According to Wikistics, English Wikisource got 90,400,000 hits over the course of the 363 days examined.

ResScholar (talk)08:00, 25 September 2009 (UTC); 05:09, 26 September 2009 (UTC); 04:54, 3 October 2009 (UTC); 07:52, 3 October 2009 (UTC); 02:11, 4 October 2009 (UTC)

Questions

Transclusion of footnotes over different pages

Is there a method for transclusion of footnotes over multiple pages? // Wellparp (talk) 19:42, 5 July 2009 (UTC)

The used methodology is to include all of the continued footnote on the first/originating page of the footnote, and not to have in situ on each page. Each time that I undertake that, I will include a  in the footer of each page. On the originating page to say that footnote continued on succeeding pages and concatenated here. On succeeding pages that the footnote is concatenated on previous page where it originated. Examples

Page:The History of the Church & Manor of Wigan part 1.djvu/153 and in use The History of the Church and Manor of Wigan/Edward Fleetwood

While it differs in the Page: namespace, when we transclude to main namespace all works out well. -- billinghurst (talk) 23:04, 5 July 2009 (UTC)

I like this method, and think it should become a standard or recommended policy when dealing with scanned works. Should we record it somewhere other than the Scriptorium? I’m just thinking about what should happen when this heading ages its way into the Archives. Tarmstro99 (talk) 16:16, 27 August 2009 (UTC)

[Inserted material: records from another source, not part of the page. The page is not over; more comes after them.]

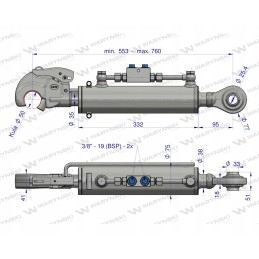 Hidraulinės jungties cat 2 c 385 kabelių rinkinys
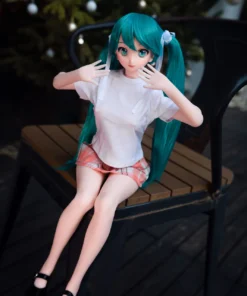 Miku J60, 60 cm Anime Silikon-Sexpuppe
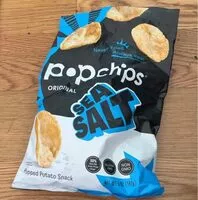 Mängden socker i Potato popped chips sea salt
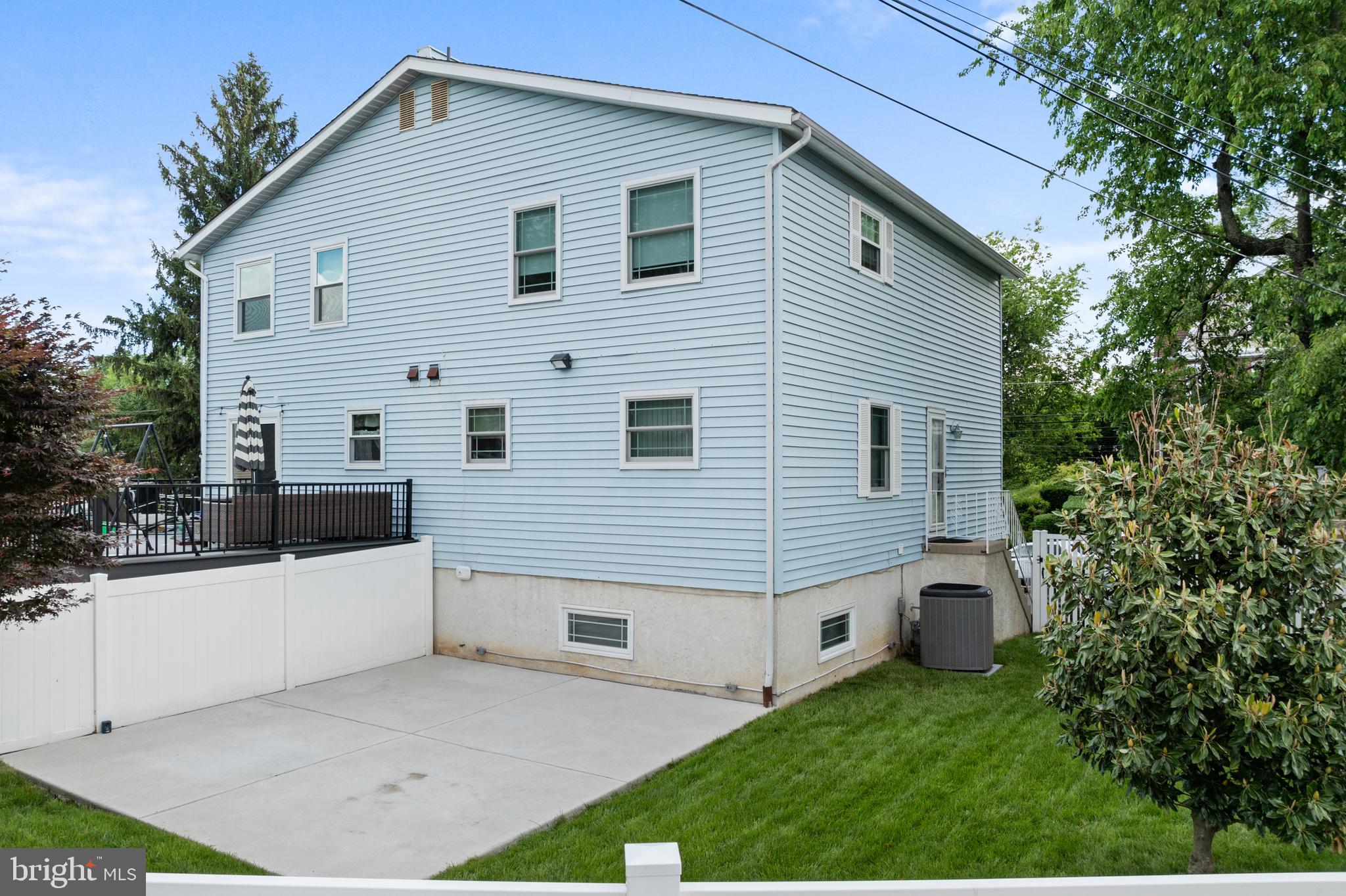 422 Valley Road Elkins Park, PA 19027 - Photo 22 of 24 Patio and fenced yard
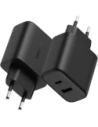 Ładowarka sieciowa UGREEN X227 20W GaN USB-A, USB-C czarna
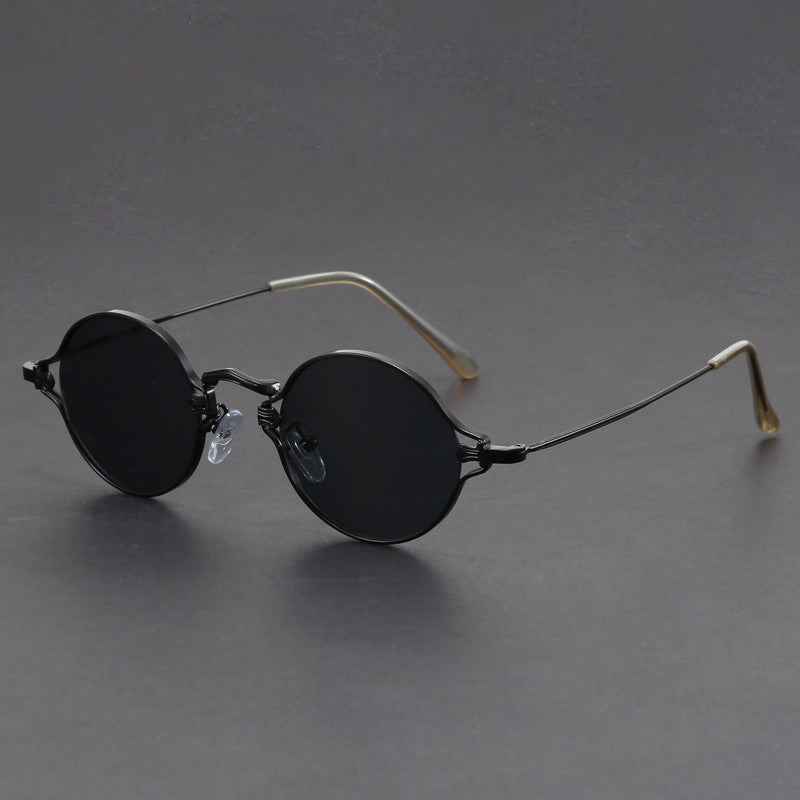 Retro Sunglasses For Round Face American Style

There is another method; it displays the bundled footnote at the first page, using sections, but keeps the overflowing text with the subsequent page scans. Cygnis insignis (talk) 18:13, 27 August 2009 (UTC)

I prefer the method Cygnis is referring to; it's in place on much of the United States Statutes, such as An Act Concerning Aliens, pages 570 and 571. It's a bit harder to code, but the text appears on the correct page. --Spangineer^wp (háblame) 22:20, 27 August 2009 (UTC)

I hope Cygnis doesn't mind, but I altered his example so that the overflow does not display in the original page text, but does when transcluded. This seems an ideal solution. I bet it could be consolidated into a template. --Eliyak T·C 19:32, 2 September 2009 (UTC)

I have managed to convert part of the code to a template, but the part which belongs on the overflow pages seems to be stubborn and not want to work when templatized. --Eliyak T·C 21:02, 2 September 2009 (UTC)

Maybe it could be useful to see Cygnus's method roughly applied on it.source:

Template:Pt performs this magic: first parameter=what you want displayed on namespace Page; second parameter=what you want displayed on ns0 when the page is transcluded
When a footnote is divided between two pages:
- in the first you write <ref>Jibber jabber jibber (=beginning of the note) {{pt||{{#ls:NameOfTheFile.djvu/NumberOfTheNextPage|section=overflow}} }}</ref> then
- in the second, after the text, ou write a <section begin=overflow />jibber jabber (=end of the note).<section end=overflow />
When pages are transcluded the two halves shall be joined.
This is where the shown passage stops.